Offering some of the most unconventional chicken on this guide, Cluck & Blaze is an example of hot chicken adapting to LA. For a hearty, spicy, and cheesy breakfast, this spot’s monster-sized Nashville breakfast burrito is guaranteed to heal whatever you did to yourself the night before. Available at both Long Beach and Glendale locations, it’s filled with hot chicken that’s nicely fried on the outside, but still moist from generous slatherings of red chili oil. It also comes with scrambled eggs, shredded cheese, tater tots, a spicy cream sauce, and more sprinklings of the chicken’ spice rub for that little extra something. But to make things even more interesting, go ahead and order your burrito “Jerry-style,” which comes with over-easy eggs instead of scrambled.
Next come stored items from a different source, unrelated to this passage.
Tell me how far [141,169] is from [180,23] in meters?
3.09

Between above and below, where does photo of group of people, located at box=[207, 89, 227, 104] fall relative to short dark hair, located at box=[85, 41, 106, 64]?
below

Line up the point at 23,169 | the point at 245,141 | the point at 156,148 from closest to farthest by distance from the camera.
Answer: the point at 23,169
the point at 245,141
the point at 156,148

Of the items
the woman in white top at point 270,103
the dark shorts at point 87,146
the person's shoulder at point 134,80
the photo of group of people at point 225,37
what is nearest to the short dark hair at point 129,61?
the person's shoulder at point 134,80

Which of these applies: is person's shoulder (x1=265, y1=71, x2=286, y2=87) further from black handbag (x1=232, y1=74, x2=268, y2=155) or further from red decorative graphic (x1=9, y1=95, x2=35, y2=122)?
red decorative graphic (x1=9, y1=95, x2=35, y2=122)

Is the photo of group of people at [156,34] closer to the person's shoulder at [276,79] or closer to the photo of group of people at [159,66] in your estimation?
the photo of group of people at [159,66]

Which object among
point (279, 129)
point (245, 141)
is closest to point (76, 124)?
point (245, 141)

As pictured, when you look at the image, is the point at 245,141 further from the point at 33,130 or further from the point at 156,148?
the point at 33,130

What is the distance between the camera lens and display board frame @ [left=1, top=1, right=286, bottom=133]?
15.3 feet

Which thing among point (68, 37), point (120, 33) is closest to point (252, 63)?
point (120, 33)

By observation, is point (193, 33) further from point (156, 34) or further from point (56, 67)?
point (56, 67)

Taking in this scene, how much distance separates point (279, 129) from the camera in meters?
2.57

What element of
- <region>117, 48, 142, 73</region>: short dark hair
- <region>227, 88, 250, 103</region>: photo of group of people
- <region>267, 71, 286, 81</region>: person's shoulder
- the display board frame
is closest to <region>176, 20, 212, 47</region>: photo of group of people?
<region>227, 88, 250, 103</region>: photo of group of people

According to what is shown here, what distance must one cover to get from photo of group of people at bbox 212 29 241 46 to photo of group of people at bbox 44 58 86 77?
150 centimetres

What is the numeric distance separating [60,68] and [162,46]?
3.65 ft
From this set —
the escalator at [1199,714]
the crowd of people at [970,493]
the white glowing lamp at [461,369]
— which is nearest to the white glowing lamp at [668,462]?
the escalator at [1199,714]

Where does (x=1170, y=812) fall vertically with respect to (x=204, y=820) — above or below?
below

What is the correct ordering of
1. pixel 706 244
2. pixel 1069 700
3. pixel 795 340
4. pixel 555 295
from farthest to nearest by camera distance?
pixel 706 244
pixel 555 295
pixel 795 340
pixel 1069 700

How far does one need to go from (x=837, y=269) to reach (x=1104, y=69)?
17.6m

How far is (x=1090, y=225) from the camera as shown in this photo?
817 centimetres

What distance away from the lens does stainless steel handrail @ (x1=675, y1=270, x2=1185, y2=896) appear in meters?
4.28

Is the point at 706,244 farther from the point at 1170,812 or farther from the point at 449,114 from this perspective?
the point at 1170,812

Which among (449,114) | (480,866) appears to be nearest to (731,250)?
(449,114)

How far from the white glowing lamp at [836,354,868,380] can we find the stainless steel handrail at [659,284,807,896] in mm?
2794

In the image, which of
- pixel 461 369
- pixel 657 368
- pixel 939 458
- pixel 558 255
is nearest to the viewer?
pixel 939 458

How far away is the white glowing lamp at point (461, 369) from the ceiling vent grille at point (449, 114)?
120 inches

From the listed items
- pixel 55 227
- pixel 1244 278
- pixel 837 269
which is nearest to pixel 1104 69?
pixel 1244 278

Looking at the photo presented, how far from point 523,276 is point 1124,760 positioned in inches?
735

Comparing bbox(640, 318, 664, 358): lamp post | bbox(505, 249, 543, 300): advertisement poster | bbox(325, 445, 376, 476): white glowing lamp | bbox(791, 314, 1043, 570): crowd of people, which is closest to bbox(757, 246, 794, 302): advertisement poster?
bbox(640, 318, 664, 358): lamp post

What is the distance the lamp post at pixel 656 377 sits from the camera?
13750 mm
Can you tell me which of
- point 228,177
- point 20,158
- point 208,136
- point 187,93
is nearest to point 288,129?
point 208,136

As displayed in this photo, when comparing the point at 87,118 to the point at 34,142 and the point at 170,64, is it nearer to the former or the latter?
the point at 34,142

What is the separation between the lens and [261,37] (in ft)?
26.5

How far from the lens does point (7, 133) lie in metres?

The whole thing then gets toasted on the griddle with a melted cheese crust that’s seared onto the tortilla because, well, why not?

Jakob Layman

Hotville Chicken

$$$$
$$$$ 4070 Marlton Ave

Hotville Chicken might be the closest you can get to the original Nashville-style this side of the Mississippi - or 405 Freeway. Kim Prince, owner of this Crenshaw spot, is the niece of André Prince Jeffries, founder of Nashville’s legendary Prince’s (a.k.a where hot chicken was born). The fried chicken here comes in thick pieces that are well seasoned until they turn a dark, almost maroon color. While this chicken is definitely spicy, note that it may take a few seconds for your senses to play catch-up. If you’re feeling a sandwich, order the Shaw, which comes on a toasted brioche bun with hot chicken at your desired spice level, a fresh kale slaw, and a savory cream sauce to balance out the cayenne heat. But if you want to enjoy hot chicken the Prince way, dig into a few red chicken legs with some pickles and white bread.

Howlin' Ray's

$$$$
$$$$ 727 N Broadway #128

This Chinatown spot has been widely credited for sparking LA’s love for hot chicken, with pre-pandemic wait times often reaching up to two hours. Today, you can get your Howlin’ Rays delivered and it still comes just as tender and spicy as always. Their fiery red chicken isn’t just for show though and it comes in a spectrum of spice levels ranging from comfortably hot to so-good-but-I-might-cry spicy. Their sandwich has the standard brioche bun, pickles, and swirl of a savory mayo-based sauce, but it’s their peppery slaw that adds a nice acidity to the whole thing.